YOUR OBJECTIVE.
The lines from the one with "Light Green Embellished" through the last line of the material below, copied exactly and free of pictures, make up the whole answer.

DATA PROVIDED.
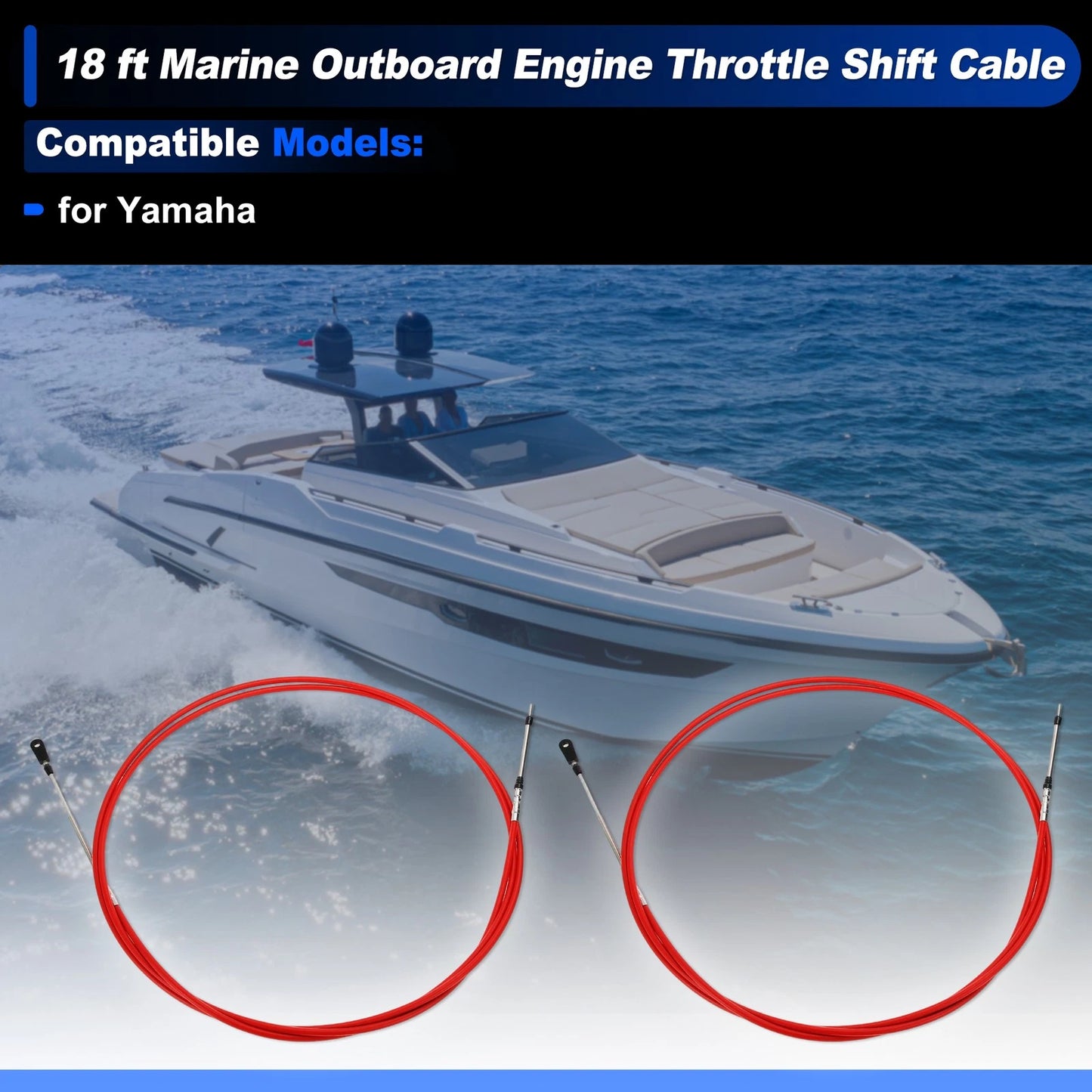 2 pcs Throttle Shift Control Cable for Yamaha Boat (18 ft)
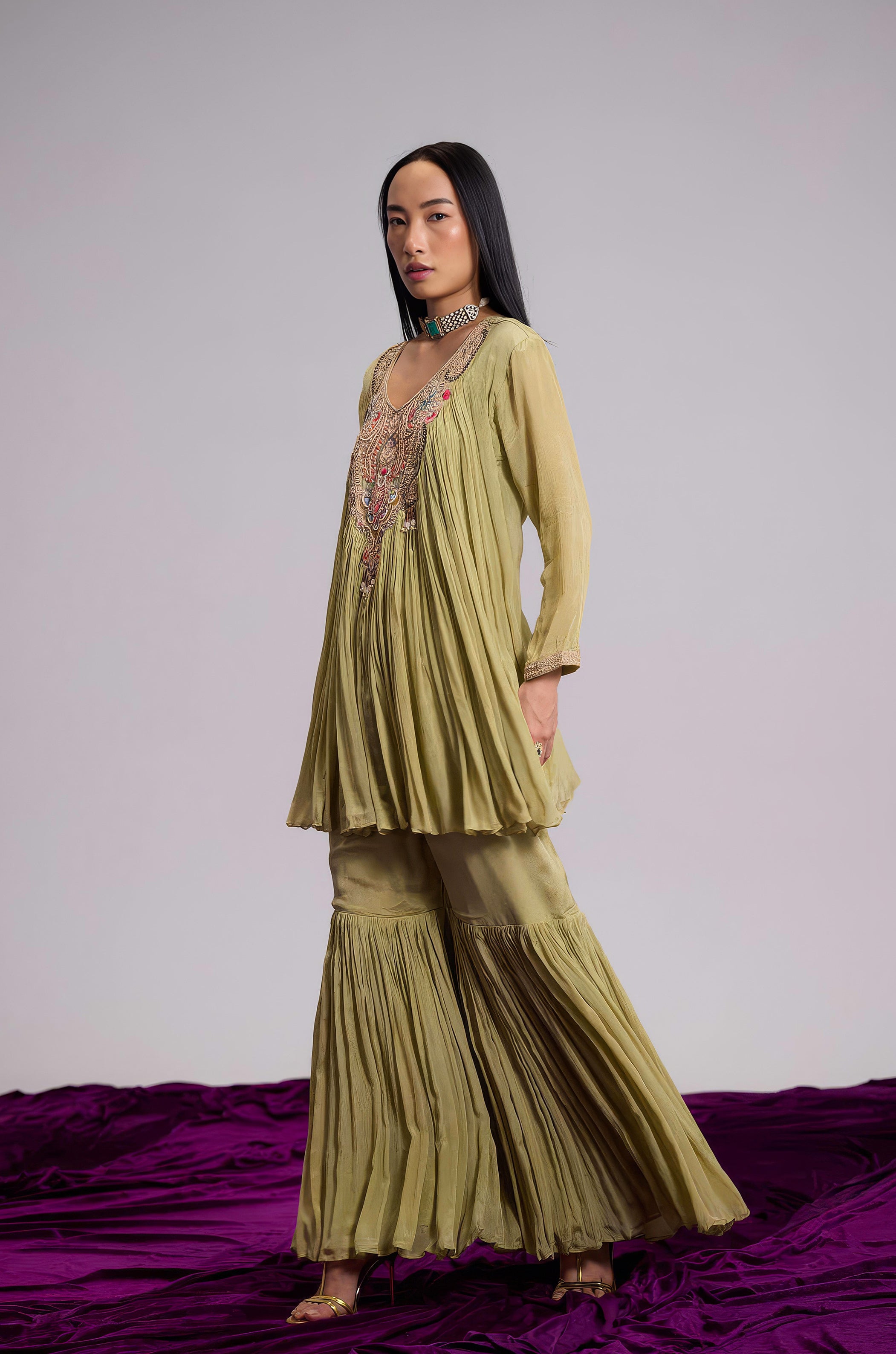 Light Green Embellished Chinon Silk Sharara Set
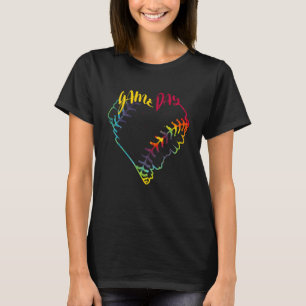 Speldag Tie Dye Softball Heart Softball Baseball T Shirt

WRITTEN ANSWER.
 Light Green Embellished Chinon Silk Sharara Set
 Speldag Tie Dye Softball Heart Softball Baseball T Shirt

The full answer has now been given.